=== Problem to solve ===
With every picture left out, give the data below back exactly.

(Phrase grounding data)
-.-.-

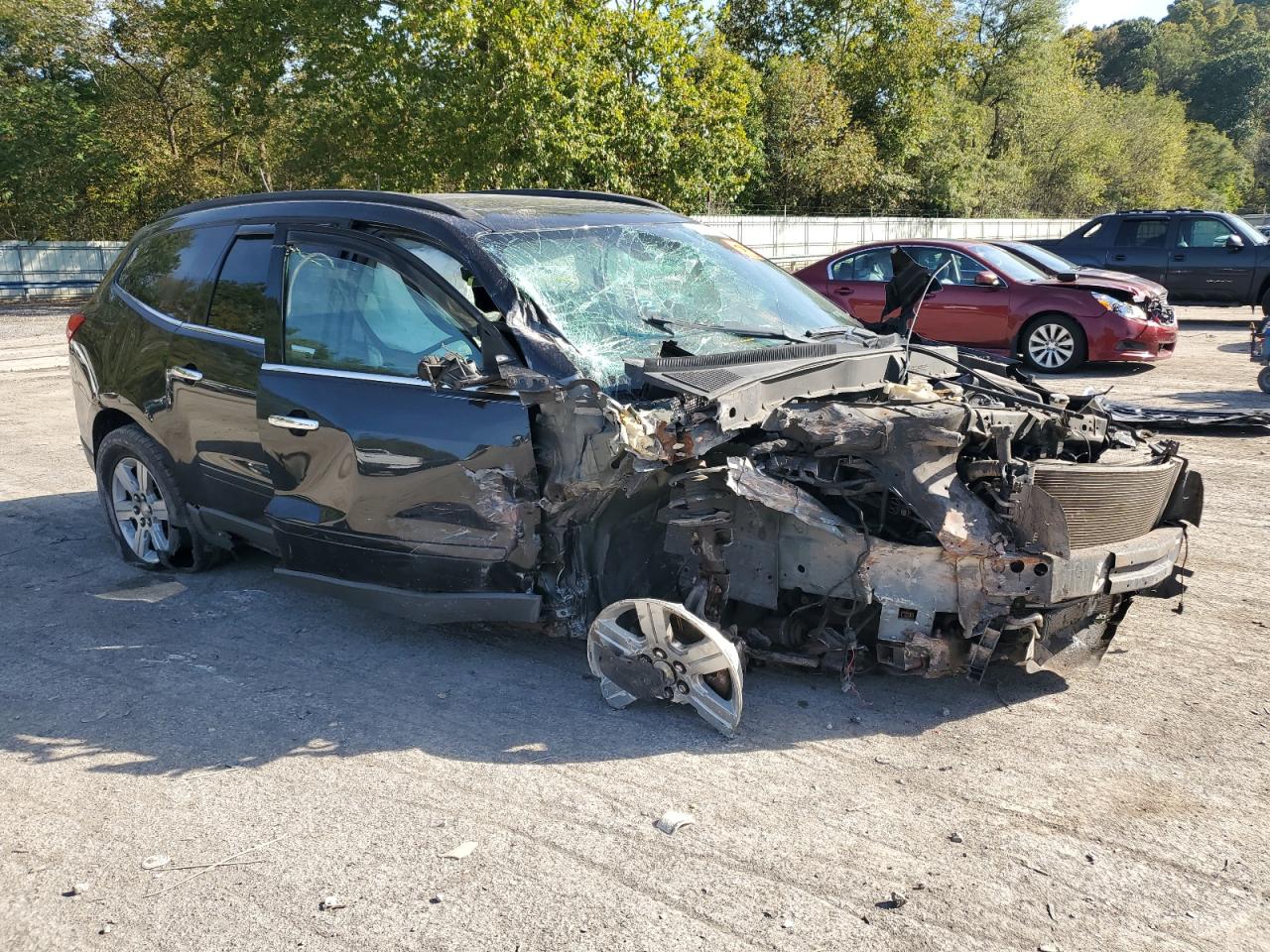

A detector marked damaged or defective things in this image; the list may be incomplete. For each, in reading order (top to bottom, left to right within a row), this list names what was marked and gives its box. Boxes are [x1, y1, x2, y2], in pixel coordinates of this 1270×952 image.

shattered windshield [479, 223, 868, 388]
detached wheel rim [1026, 322, 1077, 370]
detached wheel rim [109, 456, 169, 563]
wrecked black suv [66, 190, 1199, 736]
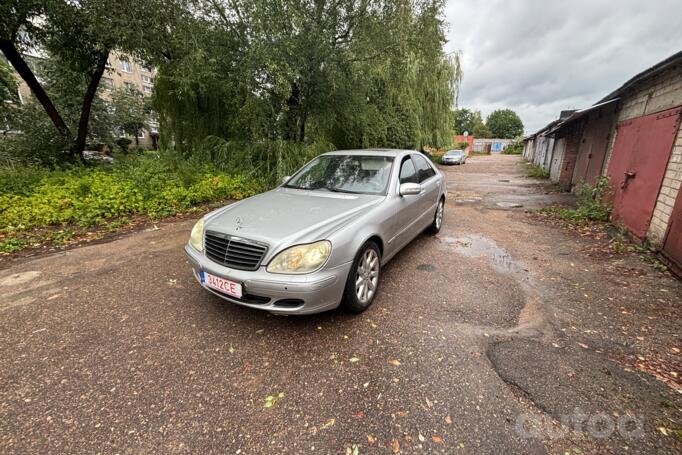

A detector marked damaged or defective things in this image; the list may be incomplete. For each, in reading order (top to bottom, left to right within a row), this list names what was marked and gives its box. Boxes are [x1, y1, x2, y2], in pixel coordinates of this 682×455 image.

cracked asphalt [1, 155, 680, 454]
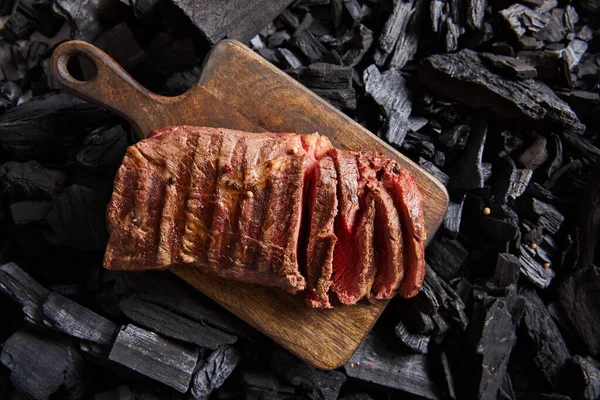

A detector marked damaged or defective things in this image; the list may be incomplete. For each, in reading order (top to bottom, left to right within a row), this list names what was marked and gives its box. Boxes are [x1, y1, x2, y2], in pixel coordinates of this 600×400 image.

-.-.-

=== Output of the exercise ===
A detector marked damaged or defective things in this image; the list may be incomplete. For each, in reading order (top to bottom, left to right within a row), this list names what was marked and gives its box. Boxes are [x1, y1, x2, y2], in pixel coordinates of this 1270×952 image.

shattered windshield [479, 223, 868, 388]
detached wheel rim [1026, 322, 1077, 370]
detached wheel rim [109, 456, 169, 563]
wrecked black suv [66, 190, 1199, 736]

A detector marked damaged or defective things in this image; the list may be incomplete. For each, in reading order (top to bottom, left to right within a row), this list names what was marked and gives its box. Boxes are [x1, y1, x2, y2], in pixel coordinates of this 682×455 image.

cracked asphalt [1, 155, 680, 454]

A detector marked damaged or defective things in this image; the list may be incomplete. For each, in reading order (top to bottom, left to right within a row), this list names what was marked and gives its box. Boxes are [x1, y1, x2, y2], in pixel coordinates of this 600×400 image.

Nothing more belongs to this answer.